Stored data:

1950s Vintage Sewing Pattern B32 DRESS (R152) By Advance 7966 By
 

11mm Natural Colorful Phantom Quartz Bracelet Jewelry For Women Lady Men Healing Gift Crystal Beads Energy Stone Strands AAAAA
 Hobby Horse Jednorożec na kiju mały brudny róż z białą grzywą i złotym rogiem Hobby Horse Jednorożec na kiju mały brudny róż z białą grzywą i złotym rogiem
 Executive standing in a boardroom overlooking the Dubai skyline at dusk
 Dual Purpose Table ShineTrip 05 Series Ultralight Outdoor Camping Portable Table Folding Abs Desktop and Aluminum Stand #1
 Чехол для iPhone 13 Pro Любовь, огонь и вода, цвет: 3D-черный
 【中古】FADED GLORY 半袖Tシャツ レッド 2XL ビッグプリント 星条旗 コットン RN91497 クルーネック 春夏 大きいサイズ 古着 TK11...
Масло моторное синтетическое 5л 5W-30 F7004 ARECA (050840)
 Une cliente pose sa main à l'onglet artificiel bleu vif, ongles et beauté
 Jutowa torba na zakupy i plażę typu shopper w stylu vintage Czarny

• How to complete this task: Every line from the one that contains "złotym rogiem Hobby" down to and including the last line of the records above must be set down exactly, with nothing else.

• Task solution:
 Hobby Horse Jednorożec na kiju mały brudny róż z białą grzywą i złotym rogiem Hobby Horse Jednorożec na kiju mały brudny róż z białą grzywą i złotym rogiem
 Executive standing in a boardroom overlooking the Dubai skyline at dusk
 Dual Purpose Table ShineTrip 05 Series Ultralight Outdoor Camping Portable Table Folding Abs Desktop and Aluminum Stand #1
 Чехол для iPhone 13 Pro Любовь, огонь и вода, цвет: 3D-черный
 【中古】FADED GLORY 半袖Tシャツ レッド 2XL ビッグプリント 星条旗 コットン RN91497 クルーネック 春夏 大きいサイズ 古着 TK11...
Масло моторное синтетическое 5л 5W-30 F7004 ARECA (050840)
 Une cliente pose sa main à l'onglet artificiel bleu vif, ongles et beauté
 Jutowa torba na zakupy i plażę typu shopper w stylu vintage Czarny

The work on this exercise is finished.